§ Required action
For the entries below, print exactly the lines between the line holding "10 pcs conjunto" and the line holding "Etek Püskül Detay", inclusive, and nothing else.

§ Record excerpts

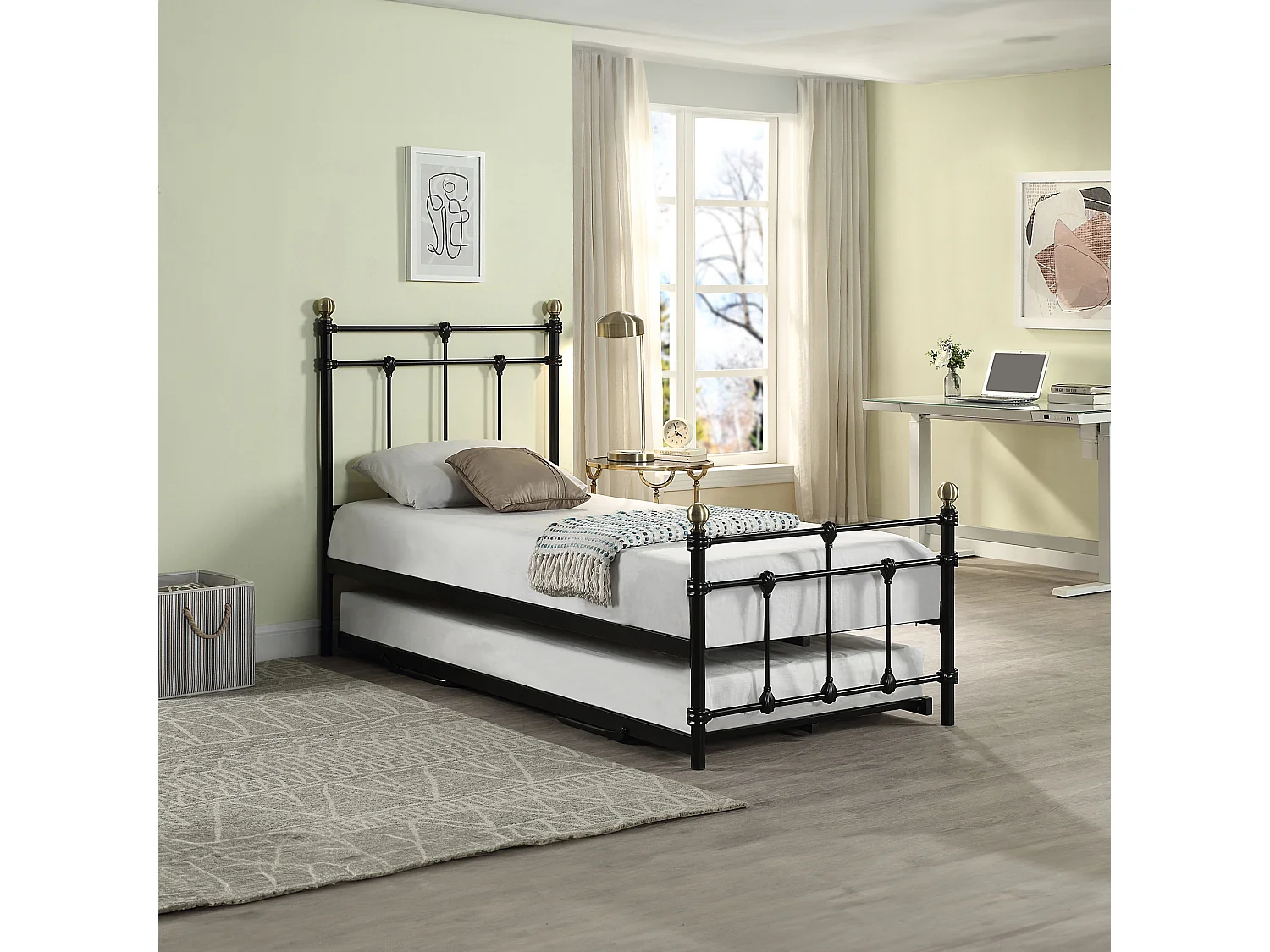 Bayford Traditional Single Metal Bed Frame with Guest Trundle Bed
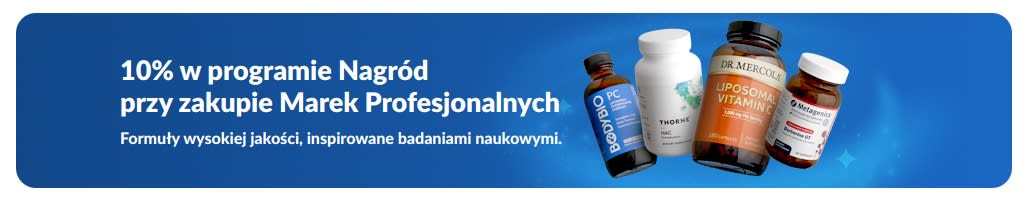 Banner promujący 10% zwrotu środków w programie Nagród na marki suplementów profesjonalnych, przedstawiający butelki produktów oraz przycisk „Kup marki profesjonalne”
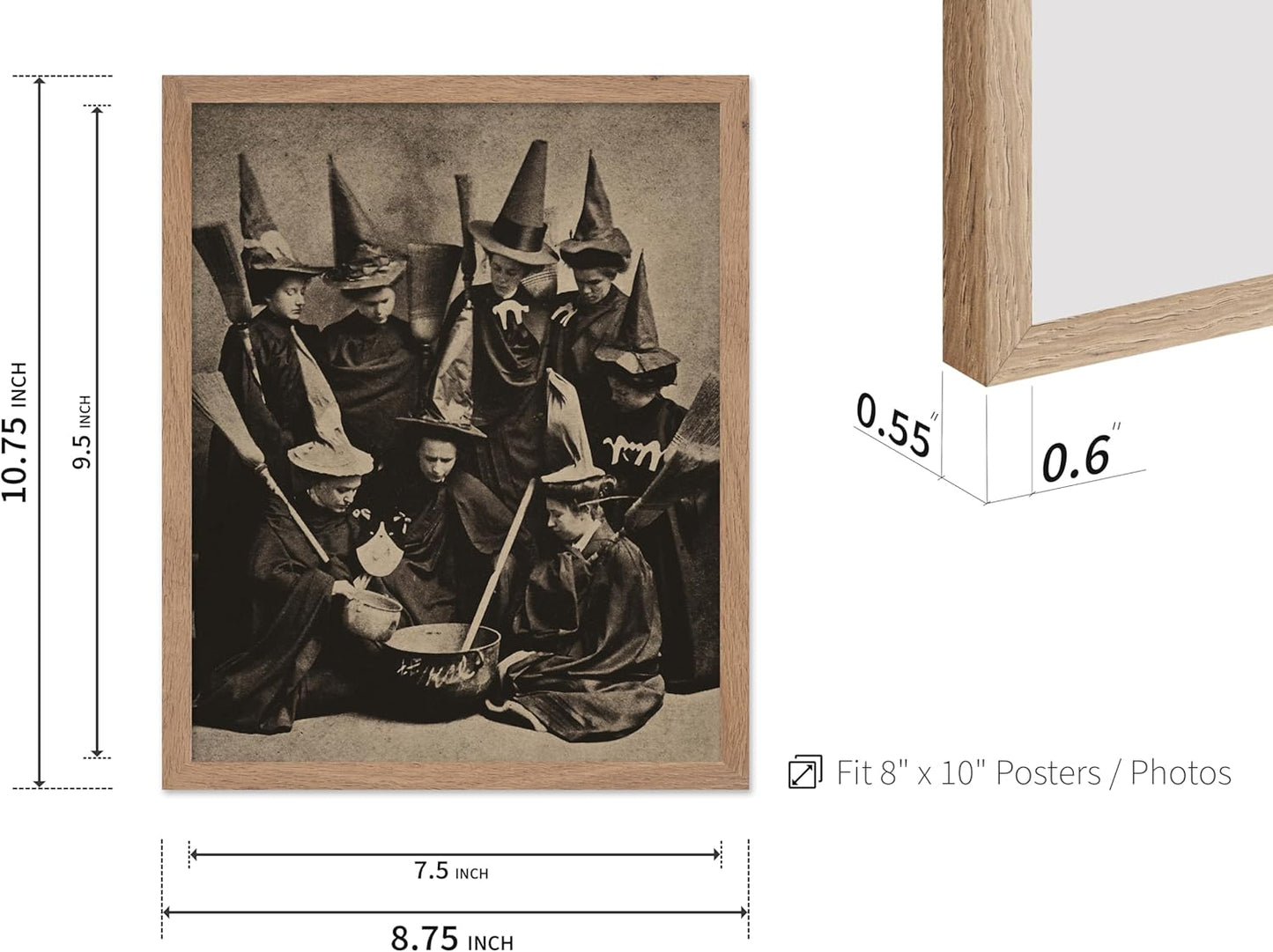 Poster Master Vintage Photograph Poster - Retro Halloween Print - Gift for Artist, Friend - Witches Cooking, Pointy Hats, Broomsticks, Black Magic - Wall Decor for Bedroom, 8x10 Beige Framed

==

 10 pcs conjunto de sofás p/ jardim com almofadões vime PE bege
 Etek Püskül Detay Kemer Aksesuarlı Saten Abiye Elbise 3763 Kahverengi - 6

§ Exercise answer
 10 pcs conjunto de sofás p/ jardim com almofadões vime PE bege
 Etek Püskül Detay Kemer Aksesuarlı Saten Abiye Elbise 3763 Kahverengi - 6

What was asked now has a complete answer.